Robert, you’ve just taken over as chair of FIDIC’s sustainable development committee (SDC). Why is this area crucial for FIDIC and our industry?

Sustainable development is no longer a ‘specialist’ concern – it is the foundation on which our industry’s future will stand or fall. Engineering is about shaping the physical infrastructure of the world, and in doing so we either enable a just, climate-resilient future or we lock in risks and vulnerabilities for decades. FIDIC’s global reach means we can set the tone, embed sustainability into contracts, standards and best practice and give our members the tools to act decisively. Our role is to make sustainability both accessible and integral to every design decision, procurement choice and operational plan – not as an add-on, but as a defining quality of excellent, high-quality engineering.

Do engineers get enough credit for the role that they play in global sustainability?

Not yet – but they should. Engineers are the quietly-spoken enablers of change, translating ambition into the built systems that sustain our societies. Much of our impact is invisible to the public, but without engineers there is no clean energy network, no resilient water supply, no sustainable transport. We must tell this story better – not as self-congratulation, but to inspire the next generation and to help decision-makers understand that sustainable outcomes depend on engineering excellence.

Are clients firmly on board on this? And governments? We see so much about them dragging their feet or reining in on net zero targets.

Momentum is real, but uneven. Some clients and governments are leading with vision, ambition and investment. Others are constrained by politics, short-term economics, or competing priorities. My reading is there is now more positive work going on under the radar than you might expect. Our role in FIDIC is to remove excuses for backsliding – to show that sustainable solutions are not just technically possible, but economically smart, socially essential and politically resilient. By embedding carbon, climate resilience and social value into the engineering process itself, we make it harder for decision-makers to step back.

What are your aspirations for the work of the sustainable development committee going forward?

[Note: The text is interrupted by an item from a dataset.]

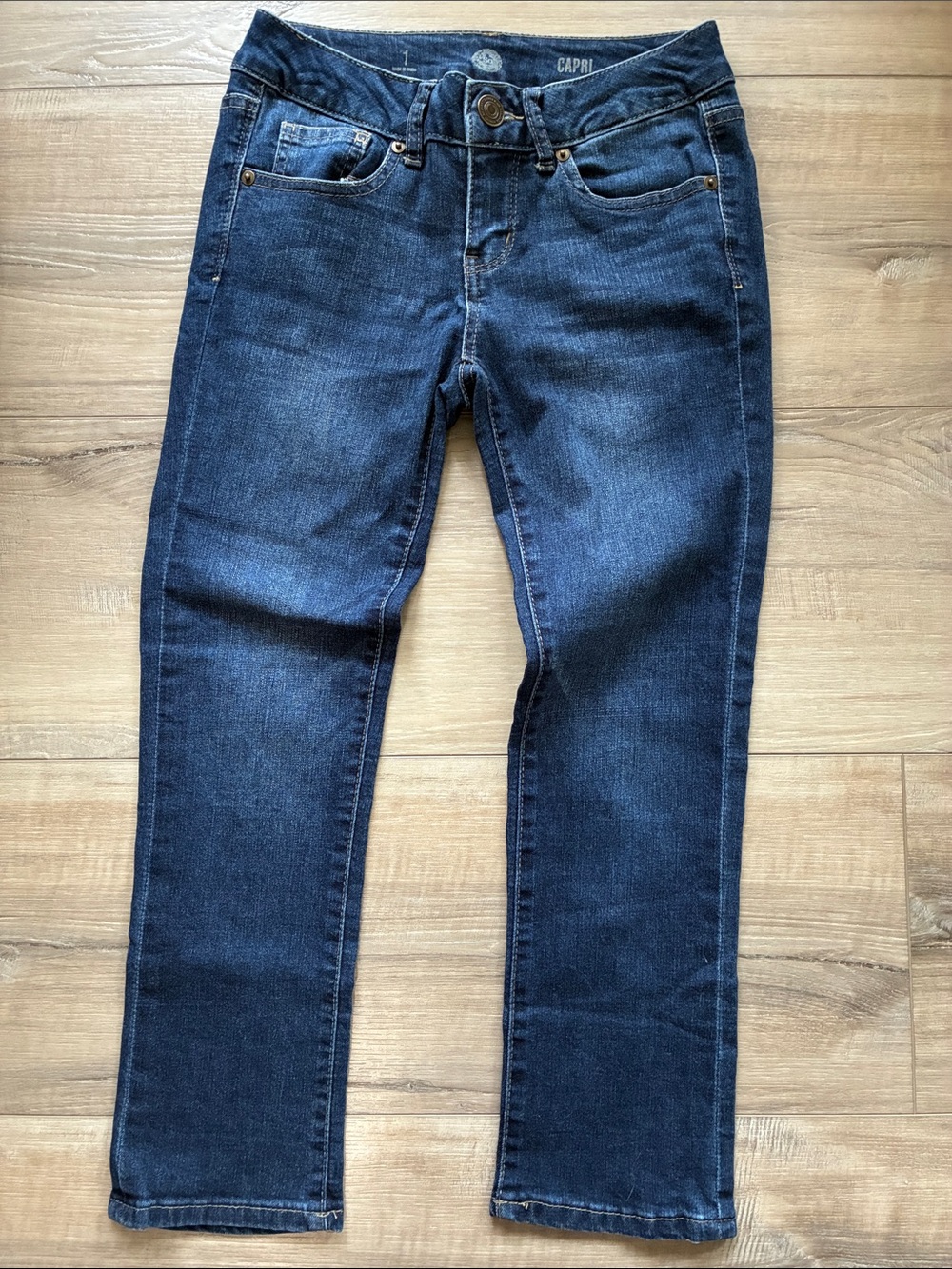SO Women’s Slim Straight Dark Blue Capri Jeans Size 1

I want the SDC to be a catalyst for global transformation in our sector – developing tools, promoting frameworks and shaping policies that make sustainability the default. We will deepen our collaboration with clients, governments and the wider value chain, accelerate carbon management maturity and champion resilience in every project we can influence. Above all, we will keep our eyes on the prize – infrastructure and systems that enable humanity to thrive within planetary boundaries.